Subsection 96(2.5) - Exempt interest

See Also

Central Supply Company (1972) Ltd. v. The Queen, 95 DTC 343 (TCC)

A partnership that had abandoned its unsuccessful drilling operations and, during the relevant period was carrying out various winding-up activities, was found to be actively carrying on a business for purposes of the test in 96(2.5).

Administrative Policy

21 June 1994 T.I. (C.T.O. "Non-Statutory At-Risk Rules")

As a result of the decision in The Queenv. Signum Communications Inc., 91 DTC 5360 (FCA), a partnership interest that qualifies as an exempt interest will not be subject to the restriction on the deductibility of losses to the partner stated in IT-138R, para. 20 (which no longer represents the Department's position).

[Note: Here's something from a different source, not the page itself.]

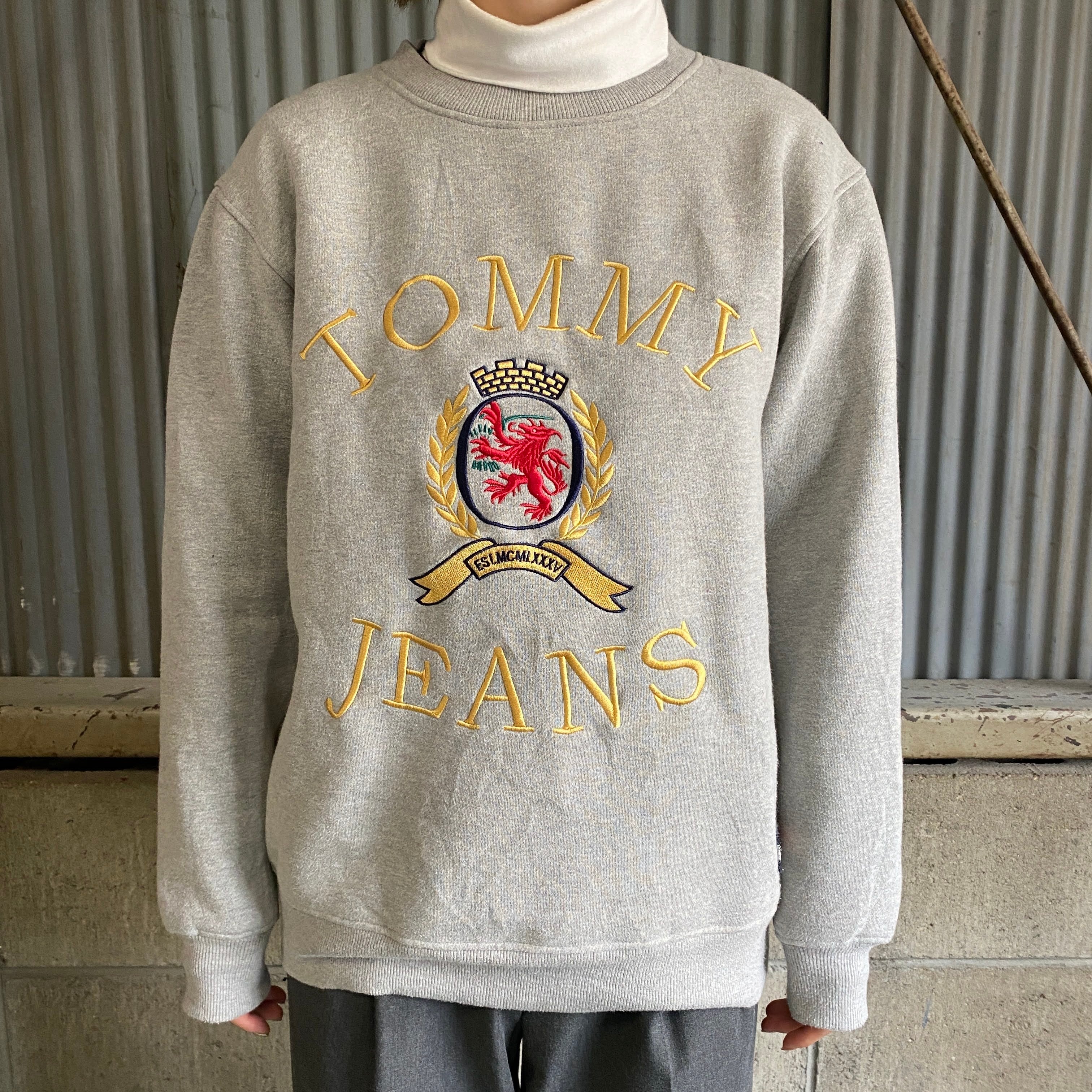 90年代 TOMMY JEANS トミーヒルフィガー ロゴ 刺繍 スウェット ...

9 May 1991 Memorandum (Tax Window, No. 3, p. 21, ¶1253)

The exemption may be applied to any partnership which was actively carrying on business prior to February 26, 1986 irrespective whether the business was carried on inside or outside Canada.

88 C.R. - "'At Risk'" - "Pre-February 26, 1986 Partnerships"

RC will continue to follow its position on the at-risk rules until the Signum Communications case is resolved.

87 C.R. - Q.7

A limited partner's share of partnership losses cannot exceed his equity in the partnership.

86 C.R. - Q.1

The non-statutory at-risk rules apply to exempt interests; no grandfathering opinions are given.

85 C.R. - Q.45

Definition of equity of a limited partner.

84 C.R. - Q.73

A limited partner's share of partnership losses cannot exceed his equity; and his equity generally is the amount that he contributed (or a determinable amount that is unconditional in its term and that is fully expected to be paid to acquire the interest) plus (without duplication) s. 53(1)(e) amounts, and minus s. 53(2)(c) amounts.

Subsection 96(3) - Agreement or election of partnership members

Cases

Schultz v. The Queen, 95 DTC 5657 (FCA)

An s. 39(4) election filed by one of the two taxpayers was not valid because she was found to be in partnership with her husband and, accordingly, she was required to comply with s. 96(3), which had not been done.

Subsection 96(6) - Penalty for late-filed election

Administrative Policy

7 February 1992 T.I. (Tax Window, No. 16, p. 20, ¶1740)

The penalty under s. 96(6)(b) is payable by each member of the former partnership rather than the partnership itself.